In the first two months of 2016, shares of J.C. Penney (NYSE:JCP) surged from less than $7 to nearly $12 as investors started to believe in the company's turnaround. However, in the past few weeks, J.C. Penney stock has given up nearly all of these gains as many analysts and investors have panicked about widespread sales declines across the retail industry.
However, despite the tough sales climate for department stores, J.C. Penney's turnaround still appears to be on track. Let's take a look at three key ways that many analysts and investors are underestimating J.C. Penney's prospects.
J.C. Penney can outperform peers
Earlier this month, the New York Post published a rather alarming account of "emergency measures" taken by J.C. Penney to meet an "expense challenge" caused by slow sales.
J.C. Penney's comparable-store sales did decline last quarter but only by 0.4%. That didn't stop J.C. Penney from increasing its earnings before interest, taxes, depreciation, and amortization by 63%, to $176 million. Moreover, the company maintained its full-year guidance for 3%-4% comp sales growth.
By contrast, Macy's (NYSE:M) reported an ugly 5.6% comparable-store sales decline in Q1. Macy's proceeded to slash its guidance and now expects a 3%-4% decline in comp sales for the full year.
It's clear that department stores and mall-based retailers are struggling, but J.C. Penney is dramatically outperforming rivals like Macy's. Every major retailer expects sales trends to improve as the year progresses. If that happens, J.C. Penney's sales should return to growth.
Some analysts instead fear that J.C. Penney's sales will inevitably converge to the poor trends seen at Macy's and other department stores. However, even if apparel sales trends remain sluggish, J.C. Penney is pursuing growth in other categories, particularly home. The home department fared the worst when J.C. Penney's sales cratered during 2012 and 2013. The company now aims to grow home department sales by $750 million in the next couple of years.
One example of this focus is J.C. Penney's decision to begin large appliances in more than 500 stores. But it's also expanding its window treatments business and testing new partnerships with Empire Today and Ashley Furniture to sell flooring and furniture, respectively.
Lower-margin categories won't hurt profitability
J.C. Penney's aggressive move into the appliance business has given rise to another concern: that low-margin appliance sales will weigh on J.C. Penney's profitability.
It's true that J.C. Penney expects gross margins in the appliance business to be lower than the company average.

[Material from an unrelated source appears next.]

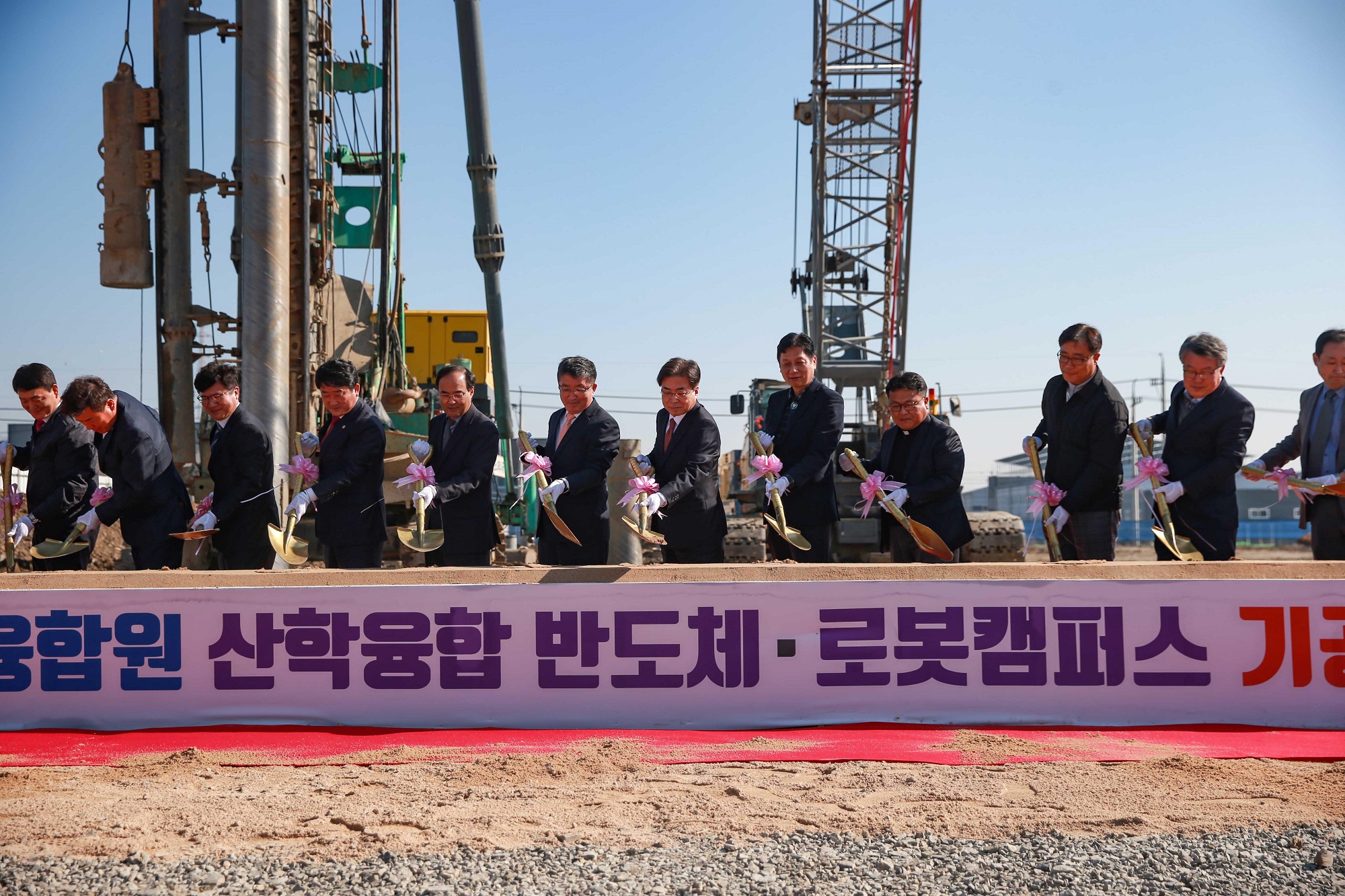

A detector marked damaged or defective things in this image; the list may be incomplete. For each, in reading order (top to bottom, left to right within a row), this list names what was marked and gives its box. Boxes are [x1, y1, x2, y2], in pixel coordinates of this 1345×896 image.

rusty metal cylinder [100, 63, 154, 286]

However, J.C. Penney found that the new appliance sections in its pilot stores generated 10 times the sales of the products they displaced on the selling floor.
A section generating $10 million of sales at a 20% gross margin will produce five times as much gross profit as a section with $1 million of sales at a 40% gross margin. Thus, unless adding these appliance sections drives up operating expenses dramatically -- which doesn't appear to be the case -- they will bolster J.C. Penney's profit margin as well as its revenue.
The debt load is manageable and declining
A third concern among some investors is J.C. Penney's debt load. The company ended 2015 with $4.8 billion of debt, compared to $900 million of cash on hand.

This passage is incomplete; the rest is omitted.